In Princeton professor Sheila Pontis’ engineering course, “Creativity, Innovation, and Design,” her students often tasked with addressing social issues on campus — sleep imbalances, diversity and inclusion, gender inequalities — through design.

“After having taught at Princeton for a few years and from my interaction in class, I have noticed feelings of loneliness among them,” said Pontis. “Most of them don’t articulate the feelings with this word but they feel under pressure, alone, and that they don’t have anyone to talk within this competitive environment. This made me choose the topic to work with.”
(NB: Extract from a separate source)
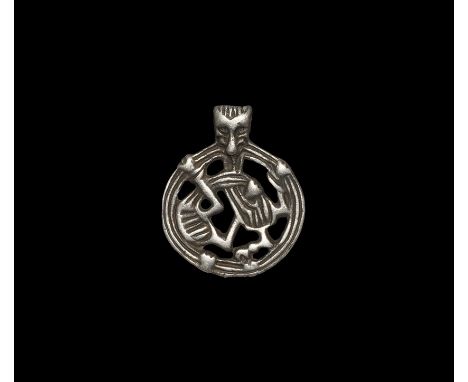 Late 10th-early 11th century AD. A silver Scandinavian pendant of Riddarholmen type (also widespread in the historical Rus re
Over the course of a semester, the 29 students were divided into nine teams working to mitigate loneliness on campus. From the outset, Dr. Pontis stressed that there was no “right way” to go about fighting loneliness and social isolation.

Dr. Jeremy Nobel, FAH founder (and Princeton University alum) sat on a panel of five experts evaluating the students’ designs on potential impact, the practicality of implementation, creativity and riskiness, and overall appeal for the intended audience. The implementation cost of the proposed design solutions was also taken into account, in terms of cost versus benefit.
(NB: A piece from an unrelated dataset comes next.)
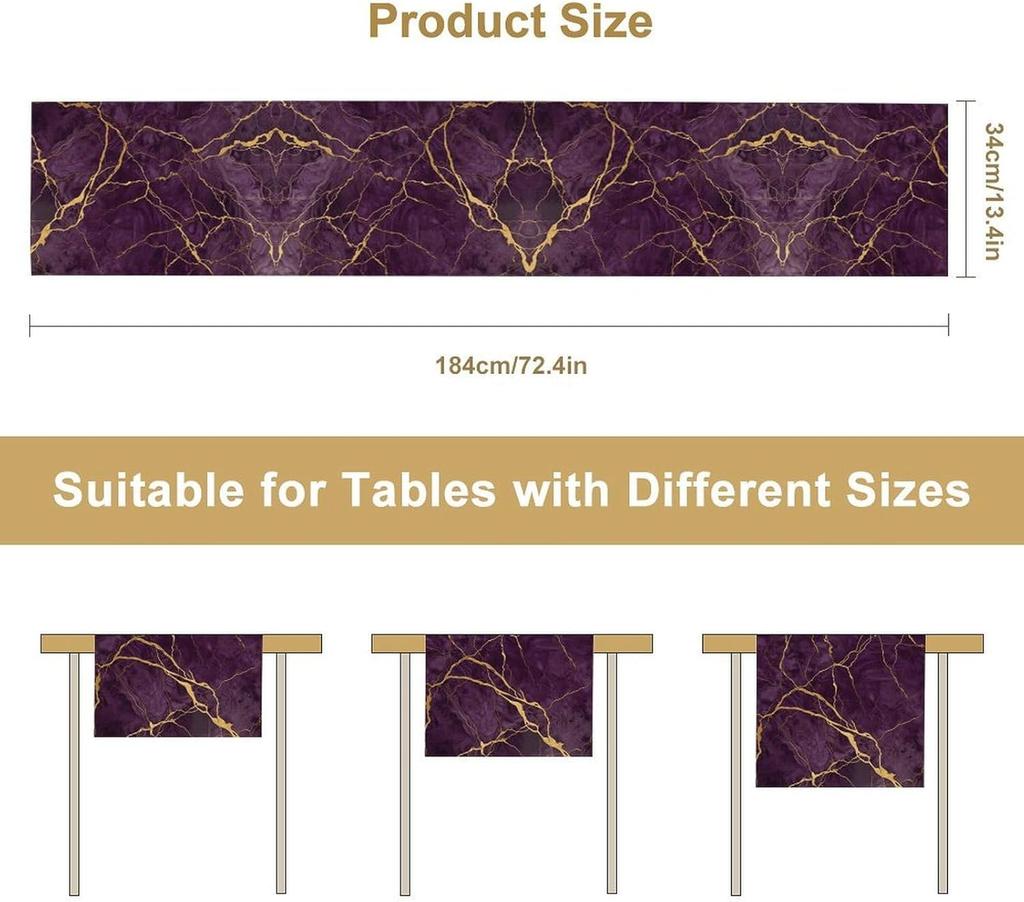 Modern Abstract Purple Marble Linen Table Runner Home Table Decor Reusable Kitchen Dining Table Runner Holiday Party Decor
“There were some great questions from students trying to understand loneliness, and how it’s different from being alone,” said Dr. Nobel. “We discussed the importance of making connection fun, and not like just another homework assignment.”

Along with Dr. Jeremy Nobel, psychologist Jonathan Geller, John Kolligian, Executive Director of Princeton University Health Services, Sonya Satinsky, Director of Princeton’s Health Promotion and Prevention Services and Matt Weiner, Associate Director of Religious Life at Princeton, served as judges for the class.
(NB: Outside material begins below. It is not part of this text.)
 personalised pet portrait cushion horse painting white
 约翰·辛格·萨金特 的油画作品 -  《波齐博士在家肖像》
So what did the students come up with? One team redesigned the Student Center to feature a more circular layout, encouraging more face-to-face interaction and casual encounters. Another group shifted the layout of residential halls, including more communal space in which residents could share experiences. Other students proposed mobile apps that supported incoming freshmen, alerting them to campus events and providing an opportunity to find party “buddies.” Each group took on the challenge differently, imbuing their designs with their own experiences. And throughout the class, the students, too, were able to connect, share, and receive.